You're building the wrong thing and nobody around you will tell you!
Unpopular opinion:
Тhe #1 reason startups build features nobody uses isn't lack of user research. It's lack of disagreement.
I've founded four companies. And the pattern that killed features -sometimes entire products was always the same. Not "we didn't talk to users." We did. The problem was that I filtered everything users said through what I already wanted to build. And there was nobody around me with a different lens to say "you're hearing what you want to hear."
Here's what I mean. A user says "I wish the dashboard was easier to use." A founder hears "redesign the dashboard." A CFO would hear "how much will a redesign cost vs. how many users are actually churning because of this?" A growth person would hear "is the dashboard even the retention lever, or is onboarding the real problem?" An ops person would ask "can we solve this with better documentation instead of a 3-week sprint?"

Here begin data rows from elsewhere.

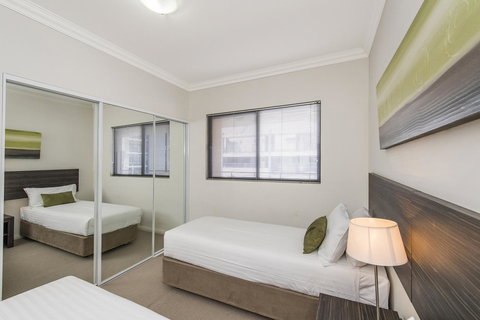 Dolphin Quay Apartments - Tweed Heads Accommodation 41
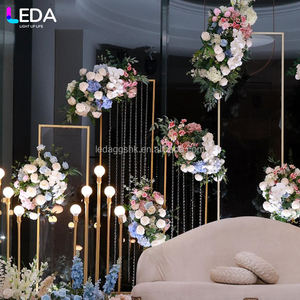 Arco de Metal Dorado LEDA para Decoración de Bodas, Fondo Decorativo para Área de Bienvenida, Accesorios para Escenario de Boda - Product Image 3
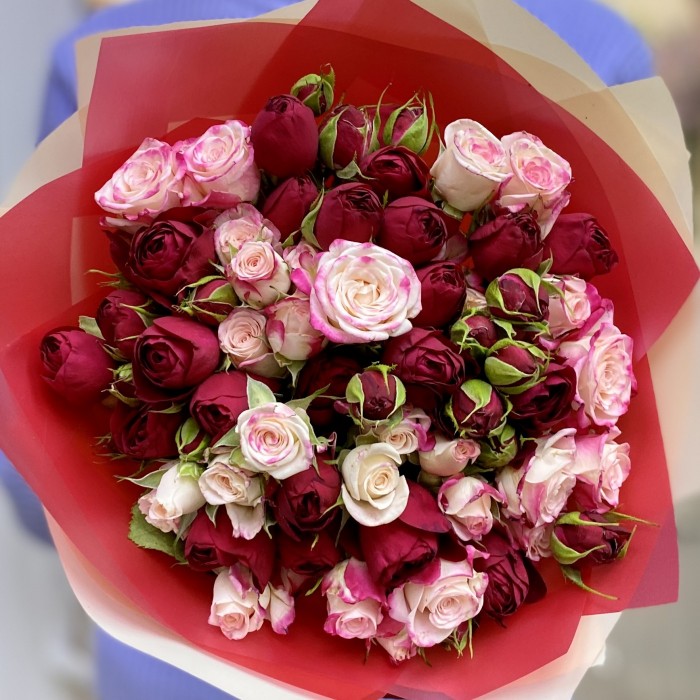 Букет кустовых пионовидных роз Мерси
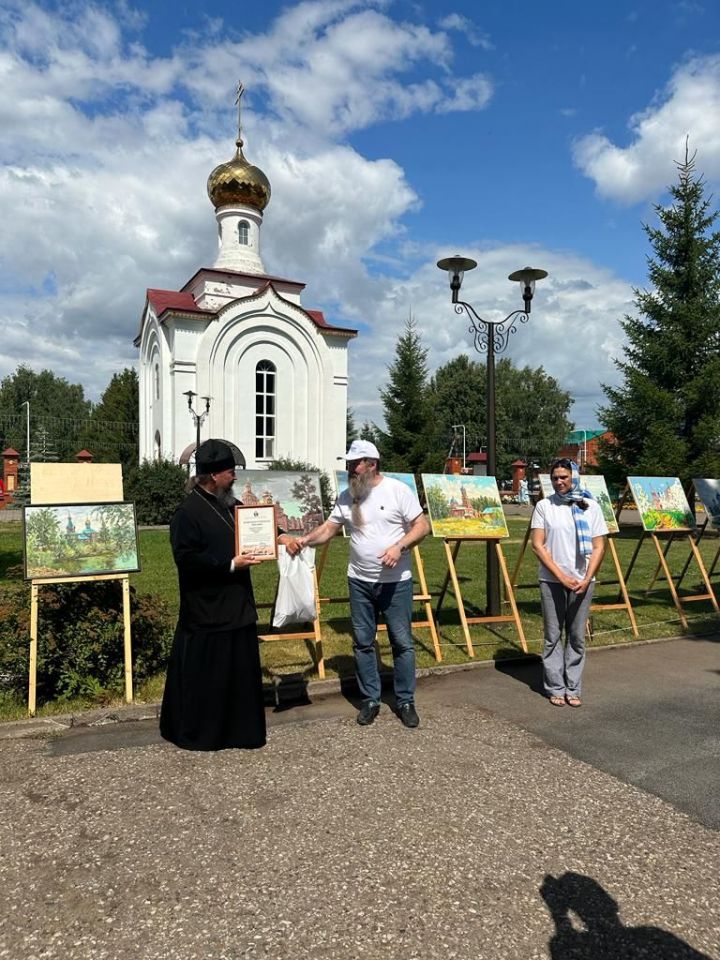 Живописцы из разных городов страны запечатлели на своих картинах старинные храмы Чистопольской епархии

Same user feedback. Four completely different conclusions. But when you're building with a small team, you usually only hear one -yours.
I think the entire "talk to your users" mantra is incomplete advice and possibly dangerous. Talking to users without people who interpret that data from multiple angles just gives you a more sophisticated version of confirmation bias.
But I want to challenge this community on something:
Do you actually believe founders can interpret user feedback objectively? Or is the "I talk to my users" confidence just another form of building in an echo chamber?
For those who've shipped something that completely flopped despite "validating" it with users -what actually went wrong?
And the spicy one: is the whole lean startup "build-measure-learn" loop fundamentally broken when there's nobody to disagree with your interpretation of the data?